As is the case for many North American utilities serving major urban centers, the majority of Toronto Hydro's distribution system infrastructure in the city of Toronto, Canada, is approaching the end of its rated service life. In order to sustain and improve the power supply reliability to its 700,000 residential and commercial customers in a financially responsible manner, Toronto Hydro has adopted a risk-based asset management strategy for prioritizing investments in asset replacement and refurbishment.

The Need for Asset Management

Rooted in value-based reliability planning, the asset management strategy optimizes the intervention timing of investments in asset renewal and rehabilitation. The quantitative analysis underlying the new strategy serves as the decision-support tool, providing justification for the investments to internal and external stakeholders.

Traditionally, distribution utilities have managed aging assets in a reactive manner, repairing, replacing or rehabilitating assets only upon failure. At least on the surface, this practice may appear to be the least-cost solution. However, the life-cycle analysis of total costs, including the costs of customer interruptions, indicates the run-to-failure strategy is not the optimal strategy for most distribution system assets.

Utilities need to determine the optimal intervention timing by accurately assessing the probability and impacts of asset failures. In assessing the impacts, various direct and indirect cost attributes associated with in-service asset failures are taken into account, including the costs of customer interruptions, emergency repairs and asset replacements.

The asset management strategy is based on four basic building blocks:

  • Calculation of asset failure probability
  • Estimation of asset failure impacts
  • Risk evaluations
  • Determination of the optimal asset intervention timing.

These elements have been successfully incorporated into a decision-support tool known as the Feeder Investment Model (FIM). In order to implement this approach, an extensive amount of data for individual assets is required. Utilities traditionally have captured a very small amount of asset data in the past. Toronto Hydro is currently implementing programs to improve its asset data systems and data-collection processes to support short-term and long-term planning activities.

Probability of Failure

An assessment of the assets' probability of failure is required to prioritize and, in some cases, determine the exact timing of intervention. Two different approaches are commonly used to predict the probability of failure of a given asset.

One approach, the age-based failure probability assessment, determines the average failure probability for an asset, based on its age, through the calculation of the hazard-rate distribution function. First, formulate the basic probability distribution function (PDF) by calculating and plotting the percentage of asset failures per age group using historical failure data.

The cumulative distribution function (CDF) represents a running sum of this PDF function. The Survival Rate Curve is 1.0 minus the CDF and represents the number of assets that have survived up to a given age out of the total sample size. Finally, compute the Hazard Rate by dividing the original PDF by the survival rate.

A second approach, an asset condition assessment (ACA), computes a quantified condition score, or health index, for an asset based on several health-degradation factors. Appropriate health-degradation factors for an asset must meet the following requirements:

  • The selected degradation factors must contribute to the asset's failure.

  • The degradation factors must result in irreparable permanent damage (i.e., result in non-renewable degradation).

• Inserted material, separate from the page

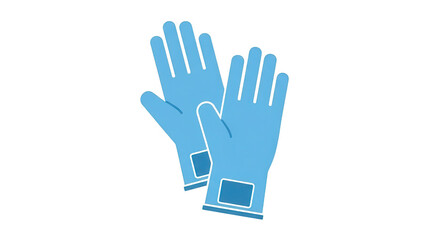 Obraz premium Blue Protective Gloves Illustration For Safety And Hygiene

  • All selected degradation factors should have adequate available data in order to arrive at an accurate score.

Assign each degradation parameter an appropriate weight, based on its contribution to the assets' probability of failure. To calculate the health index, multiply each of the degradation scores with its selected weight and then sum up the overall score. Ideally, the final health index value should be represented on a scale from 0 to 100 to make it convenient to use.

Impacts of Failure

The ACA approach has obvious benefits over the age-based failure probability assessment. While the age-based failure probability assessment provides an easier means to calculating failure probability, it cannot differentiate between assets of similar age with differing conditions. The ACA approach takes into account multiple parameters indicative of an asset's health.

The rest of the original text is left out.